I write books. I write songs; I create arrangements when I lead worship. I would call myself an author, songwriter, singer, and worship leader. But some have dared to call me an artist, and for a long time, I hesitated at that title. I couldn’t possibly be an artist! Artists draw and paint pictures, sculpt pottery, and create various masterpieces out of numerous materials. True, I was creative, but I could never consider myself to be an artist.
This was true for me until I entered the competition at Immerse in 2010. I competed in songwriting and singing in Nashville, Tennessee, and I was entered into the “Artist” category. I had heard musicians referred to as artists before, but until that point, I had never truly made that connection in my mind.
From that point on, I began to think of my many creations as “artistic.” Like those who painted or sculpted pottery, I had created something. Often I didn’t have much to show physically for my efforts, but my creations were near and dear to my heart. I kept song lyrics and my novels stored on the computer, but many of my melodies and ideas were in my head, never to be seen or heard by anyone until the time was right.
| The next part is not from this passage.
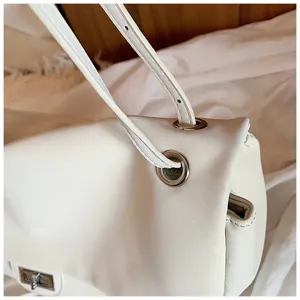 Vista dettagliata della borsa a spalla bianca minimalista con occhielli e chiusura.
Recently, someone asked me if I could pinpoint the best thing I had ever created. I couldn’t answer the question because there were far too many options and I loved a lot of my songs and stories with the same degree of attachment. It would be like asking a mother which of her three children she liked best. I was torn in my response. I loved The Promise because of my close connection to its themes and characters. I loved “Waiting Here,” because the song also came from a deep and personal place in my heart. And I loved my worship arrangements of “Center,” “Mystery,” and “Revelation Song.” My creations are near and dear to my heart, and I will protect and revere each one for years to come… maybe even for the rest of my life.
I made the correlation to how God must feel about His creation. Even though we as people are fallible, sinful, and sometimes just plain difficult, He continues to pursue us with amazing passion and love. And all along, He shows us glimpses of His love and promise.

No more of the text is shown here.